I used this cage for a while, but this is when it was set up for a couple groups of mice. I had two girls in it (it's separated into two)...










Here's a tank...


----------



## Drayvan (Jul 7, 2010)

Wow that cage is impressive, pretty sure I could get hold of one like that if the chinchilla cage turns out to not be suitable.

The more I read about them the more excited I get about it, they sound so interesting to keep!


----------



## Amalthea (Oct 2, 2007)

It is called a "double chinchilla", but I wouldn't keep chillas in it. A normal chilla cage would be escapeable to an STO.


----------



## Drayvan (Jul 7, 2010)

Got some thinking to do then I think, I like the glass tank idea, but not sure I trust myself to make an escape proof lid for it, toss up between a vivarium and the type of bar cage you put up then. To be honest, i'll have to wait to see what house we move to to see what space I have available, but i'd love to create a massive home for one.


----------



## Amalthea (Oct 2, 2007)

I found that mine preferred height over width, as well. The tank wasn't used for long as it was. I added a cage topper to it and it was better.


----------



## Drayvan (Jul 7, 2010)

I've had a look round places and found this Liberta Rodent Happy House – Next Day Delivery Liberta Rodent Happy House Of course Mum being Mum saw it and said we could put sugar gliders in there :bash::bash: looks like we still have some deciding to do on what species we're definitely looking to get :lol2: 

Also like the look of these, but not sure that they come in a decent enough high for STOs Montana Vivario Pet Cage – Next Day Delivery Montana Vivario Pet Cage


----------



## Amalthea (Oct 2, 2007)

The liberta is a BRILLIANT glider cage 

That second one would piss you off with an STO in it. They poo a LOT and it's smelly and sticky. 

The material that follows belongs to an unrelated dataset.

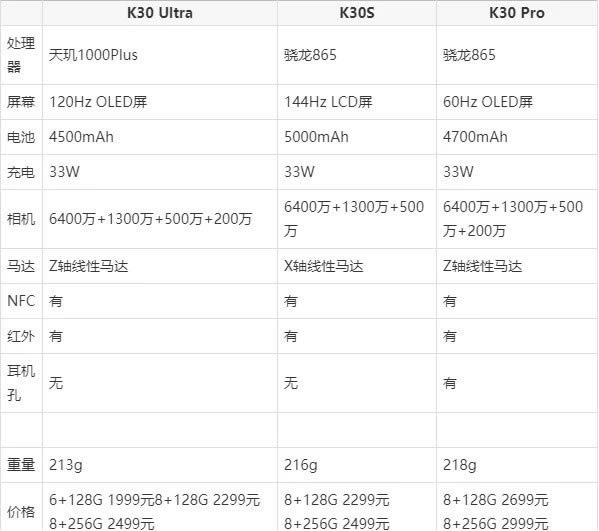 红米k30s至尊纪念版和红米k30u纪念版哪款值得入手 红米k30s至尊纪念版和红米k30u对比_手机评测_手机学院_本站
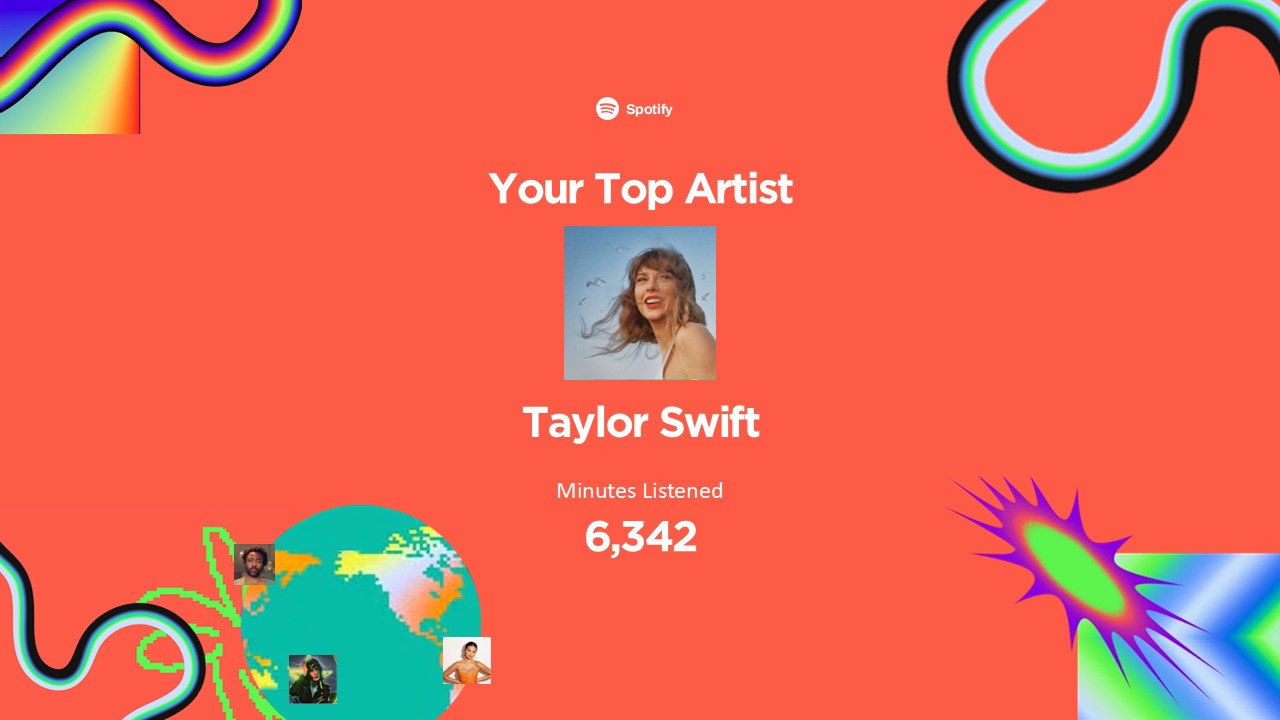 Free Spotify Wrapped 2025 Powerpoint Template 3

The worst thing about STOs is their short lifespan... You only get a couple years out of them (whereas you can get 15+ out of sugar gliders *wink*) *lol*


----------



## Drayvan (Jul 7, 2010)

Amalthea said:


> The liberta is a BRILLIANT glider cage
> 
> That second one would piss you off with an STO in it. They poo a LOT and it's smelly and sticky.
> 
> The worst thing about STOs is their short lifespan... You only get a couple years out of them (whereas you can get 15+ out of sugar gliders *wink*) *lol*


Haha iv been showing Mum Glider noises on youtube and thinking that might be the way to go now. Think she would feel more comfortable with some of those than a STO as she seems to like them better as they're a bit bigger. I've always liked Gliders but I was put off by the ones at college as they were very flighty and scared of people, whereas the STO came up to be tong fed. But id assume if you spent time with Gliders one to one they would be calmer?


----------



## Amalthea (Oct 2, 2007)

Gliders are a more difficult pet to keep and have a very in depth diet that needs to be stuck to. They aren't really much bigger than STOs, either. They can bond very closely with their people, though. If you and your Mom are interested in finding out if gliders are right for you, join the forum in my sig


----------



## Drayvan (Jul 7, 2010)

Amalthea said:


> Gliders are a more difficult pet to keep and have a very in depth diet that needs to be stuck to. They aren't really much bigger than STOs, either. They can bond very closely with their people, though. If you and your Mom are interested in finding out if gliders are right for you, join the forum in my sig


Yeh, we had a group of 6 at college that were in my section when I had to do my time on the animal unit and I used to enjoy preparing the diet for them and the Marmosets, although it was quite strict for what they could've actually had so I always wanted my own to be able to try out a proper diet for them, but never thought I would have the room, since then circumstances have changed quite alot! Will join the forum and have a good read to see if they would be suitable :2thumb:


----------